Indeed, the “first committer wins” rule was traded for performance, and Galera Cluster does not support Snapshot Isolation any more. We have to fix the documentation accordingly. The performance impact for aborting SI ‘victims’ was remarkable, in our benchmark profiles. This is because of InnoDB rollback, which is rather heavy operation. But, lesson learned from your experiments is that, we could support SI as session property.

BTW, MariaDB Galera Cluster has session variable: ‘wsrep_sync_wait’ for providing read causality. It does not bring you SI, but will delay readers to wait until on-the-fly replicated transactions have committed. So with that, readers should see all earlier transactions that were accepted by the cluster.

svar

re,

“systems which rely on leader state, rather than causal chains associated with data operations themselves, tend to lose data during leader transitions. ”
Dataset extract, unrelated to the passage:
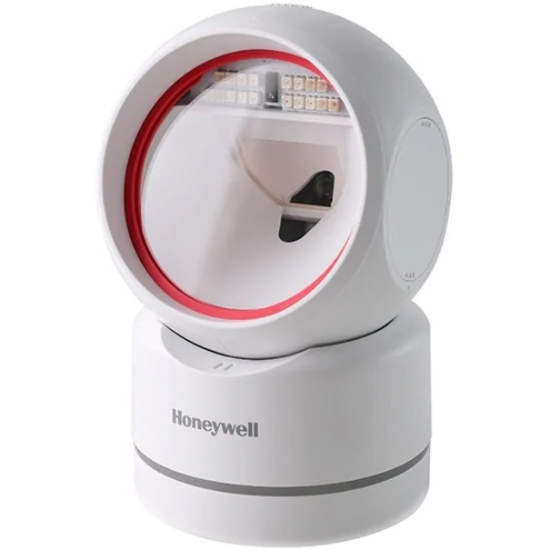 Imagen de Honeywell Escáner de código de barras Youjie HF680, GEN7, USB kit lector 1D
I’m surprise by the shortcut, that response is not a prove. Leader election is taking place outside the causality of events of the cluster. That design impact that during leader transition the system become CP as a transaction started on old leader would not be able able to commit. Galera certification would ensure that the new leader is just up to date with any writes. I would be happy that you prove me wrong.
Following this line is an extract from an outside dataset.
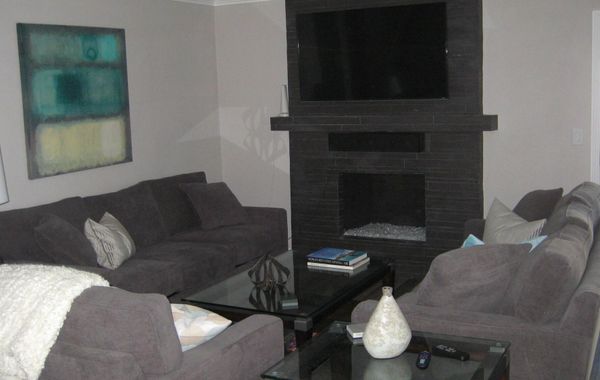 Beautiful 4 Bedroom 3 Bath Vacation Home Pool/Spa - Hoteles con alberca en Las Vegas, Nevada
Galera provide a certain causal chains that is not SI, it never claimed to be serializable so far and for good reasons. Using it your way, it is an AP design with all the pain that come with it. A proxy that claims to virtualize a Galera Cluster using leader election but without forwarding errors (transaction replay) would take the risk to break C as R(x) would not be causal any more. I guess that many users would chose AP during leader transition instead of CP.

Aphyr on

I’m surprise by the shortcut, that response is not a prove.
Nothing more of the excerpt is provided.